As a college student he learned the dynamics of group motivation. As a practitioner, he used that information to change the world.


1903 

The Teenage Editor

Born to Jewish immigrant parents from Kinishin, Poland, and raised in Des Moines, Iowa, Carl Byoir started out like most of the PR greats between 1900–1950—as a newspaperman. At the age of 17, Byoir became the managing editor of the Waterloo (Iowa) Times-Tribune when his predecessor suddenly died of a heart attack. Before that time, Byoir had worked his way up from the newspaper's morgue to city editor. He stayed with the paper as managing editor until early 1906 when he received a call from his long-time friend, Walter Stewart, asking him to matriculate at the University of Iowa.

1906 

Quest for The Hawkeye

Byoir's creativity for making money while in college followed him throughout his life. Numerous contests and competitions existed in writing and debating where the prize was money. He became so successful at this approach, his fellow students routinely claimed "Byoir always wins the cash." During this time, Byoir's techniques, motivations and understanding of public opinion were crystallizing to prepare him for his later career in World War I propaganda work. But first, he needed a little practice.

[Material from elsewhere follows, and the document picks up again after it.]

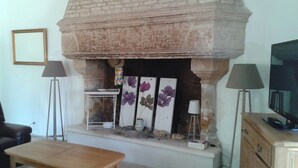 A living room with a stone fireplace, a wooden table, a sofa, and a television on a wooden cabinet. - COUNTRY HOUSE WITH LARGE GARDEN + PRIVATE POOL + RIVER (La Grimaudière)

Like Edward L. Bernays, Carl Byoir was briefly involved in publicizing the arts. Although Byoir was not working for famous ballet companies as Bernays had, he gained experience by managing performances of his college's dramatic club in towns across America. This was merely a warm-up exercise for a man who would change American history.

Byoir's real talent for group motivation began to take form when he planned a two-year campaign to win the title of general manager for the school's yearbook, The Hawkeye. This position carried with it the added benefit of 3/7 of the sales profit.

To assure his victory, Byoir organized a command group of five people to help push the class leaders into elected offices, leaving his coveted general manager seat without a worthy opponent. The central group knew nothing of Byoir's intentions, but with his common sense knowledge of political influence he created a "political machine."

Once elected, Byoir worked feverishly to enhance the look and feel of the publication in an effort to boost his earnings. This resulted in the 1909 edition of The Hawkeye, called "the most impressive ever published up to that time." Byoir pocketed a record $2,100 dollars. He graduated from the University of Iowa in 1910 and enrolled at Columbia's Law School.

1911 

Montessori School Systems

In 1911, while returning to school, Byoir picked up a copy of McClures magazine on the train. This was his first introduction to Dr. Maria Montessori and her training methods for kindergarten. What Byoir saw was the vast appeal these schools would have to American mothers and teachers, because of the system's dual emphasis on physical and mental activities.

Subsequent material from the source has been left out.